Sophie a crié à l’aide dans la rue et ne savait comment agir : courir
appeler à l’aide, ne pas quitter les sacs de peur qu’on les lui vole ou alors
repartir défendre Tony. De nombreuses personnes sont alors sorties pour
regarder le « spectacle ».

Une fois
dehors, Tony n’a pas voulu frapper le patron et a également demandé de l’aide
mais personne n’agissait. Le patron a saisi une grosse pierre (environ 25cm de
diamètre) pour frapper Tony à la tête. Heureusement il l’a manqué et l’a
seulement frappé à l’épaule.

On tient à
rajouter que durant cette altercation, ces trois agresseurs nous ont donné
pleins de coup de pieds et nous poursuivaient sans nous laisser la possibilité
de s’enfuir et dans finir là (ils voulaient notre mort et n’arrêtaient pas de
nous dire : si vous n’avez pas d’argent, ne venez pas en Chine).

A cette vue,
Sophie s’est approché des trois hommes en train de frapper Tony pour le
récupérer mais le sous-chef et le guide s’en sont encore pris à elle. Elle criait
qu’elle ne voulait pas se battre mais seulement récupérer ses affaires et son
copain pour partir mais ils ne voulaient rien savoir et profitaient qu’elle
soit chargée du gros sac pour la frapper à la tête.

Enfin, une
voiture de police est arrivée (surement appelée par les villageois) et a pu
nous séparer.

Deux
policiers sont sortis de la voiture et en ont appelé un troisième qui parlait
anglais.

De retour
dans l’agence pour s’expliquer, une multitude de villageois se sont mêlés de
l’affaire ce qui nous rendait la parole impossible. De plus, ils étaient tous
contre nous et le policier anglophone n’essayait pas de nous écouter, faisait
ses propres conclusion et nous donnait tort. Le policier nous a menacés
d’annuler notre visa si nous ne payons pas les 40 yuans.

Une des
témoins dans la rue qui visiblement était la fille du sous-chef a alors insulté
Sophie de pute, sous prétexte qu’elle avait frappé son père (qui était vieux)
alors que c’était l’inverse et qu’elle lui demandait à ce moment-là de l’aide.

Le policier
anglophone nous a alors éloignés avec un autre agent pour réserver une chambre
d’hôtel. Il s’est montré plus correct seul avec nous que face aux villageois.
Il a rassuré Sophie et l’a accompagné pour qu’elle puisse aller retirer de
l’argent pendant que Tony appelait l’ambassade de France. Nous avons donc pu
récupérer nos passeports sans payer les 40 yuans. Par contre, quand l’ambassade
a demandé à Tony le nom et le numéro de téléphone du policier, celui-ci a refusé.
De plus, il ne voulait pas que l’on porte plainte.

En
conclusion, Sophie a subi des blessures physiques (bosse à la tête, hématomes à
la main gauche) et morales. Quant à Tony, il a subi des blessures à la jambe
droite, à l’épaule gauche, à son tatouage récemment passé au laser à la tête et
surtout à la main droite (main gonflée et douloureuse). Il a également subi un
préjudice moral.

Cet
événement nous a profondément marqué, nous donne une bien mauvaise image des
chinois et nous ne sommes pas sûre de vouloir continuer notre voyage dans leur
pays.

Hélas vous n’êtes pas les premiers ni les derniers à avoir des déboires avec le seul tenancier des balades à cheval de Songpan.

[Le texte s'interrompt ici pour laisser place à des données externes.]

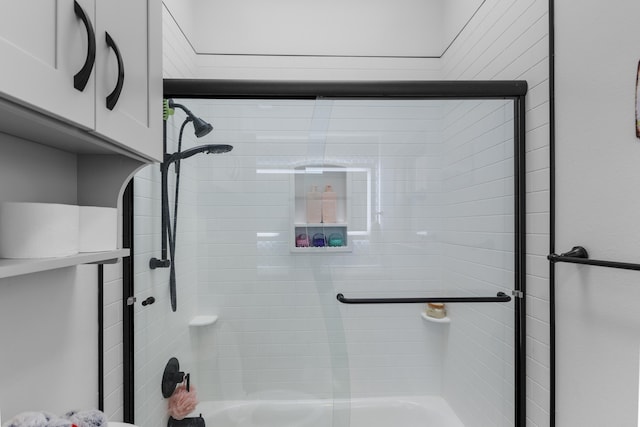 bathroom with enclosed tub / shower combo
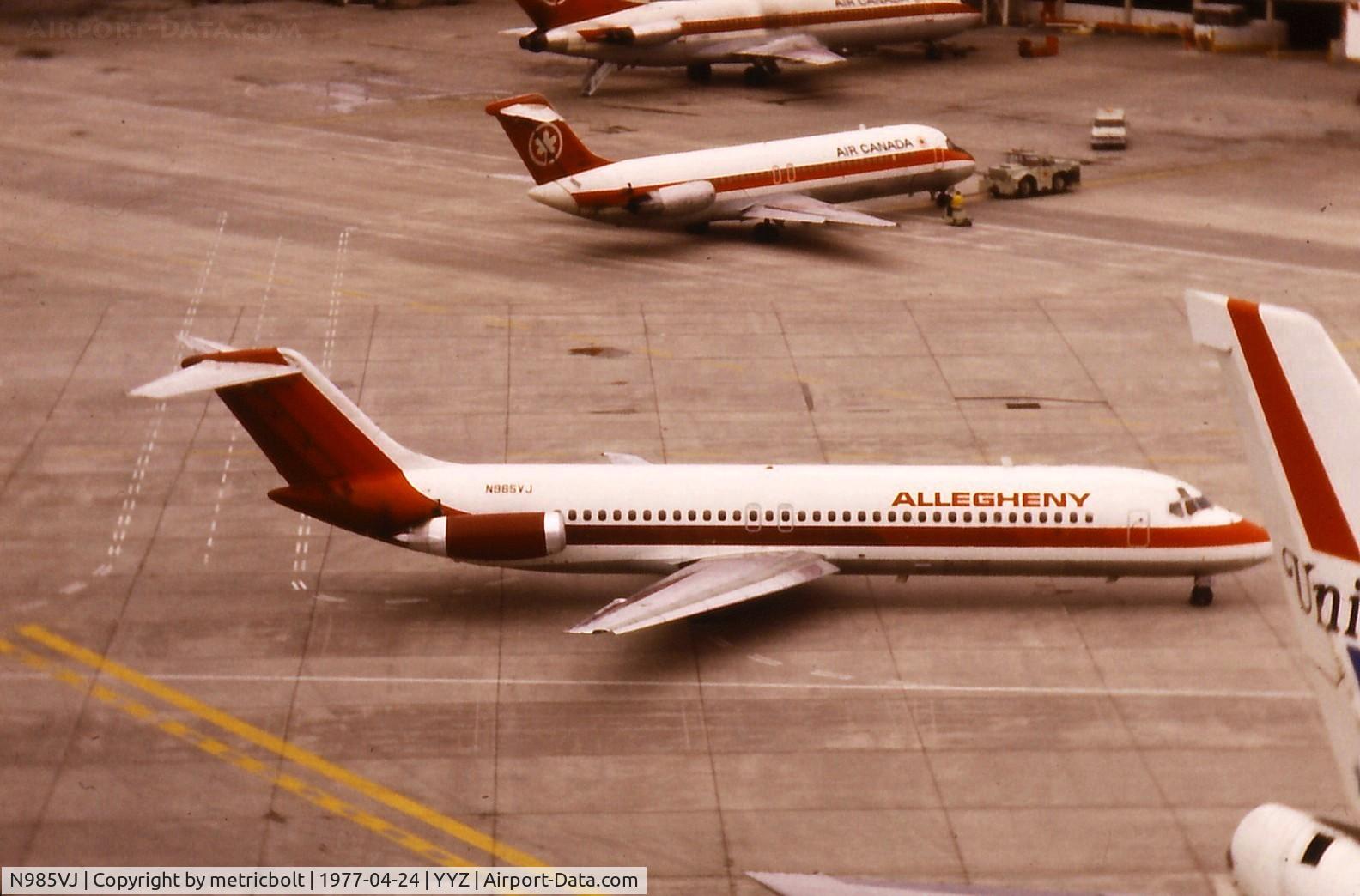 N985VJ, 1968 Douglas DC-9-31 C/N 47208, Toronto International Airport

C’est un voyou il n’y a pas grand chose à faire sinon éviter le trek à cheval de Songpan.

Après avoir discuté avec des gens de Chengdu ainsi que l’ambassade de France, nous avons appris que cette agence était la seule connue de Songpan pour ces treks et donc faisait un peu fonctionnait à elle seule l’économie du village. Ce qui lui donne une place importante et donne le pouvoir au patron (apparement) de fermer certaines boutiques à sa demande. Certains disent même qu’il a des contacts avec la police, ce qui expliquerait peut être pourquoi la police a refusé que nous portions plainte ou que les villageois nous ont donné tort.
Cela dit, il existe apparement une autre agence excentrée de la ville qui se veut discréte vis à vis de celle ci et qui apparement est très bien.
Sinon, des auberges de jeunesses sur Chengdu comme par exemple Flip Flop hotel proposent des treks à cheval pour finalement moins chers que ce que nous avons eu et visiblement plus surs.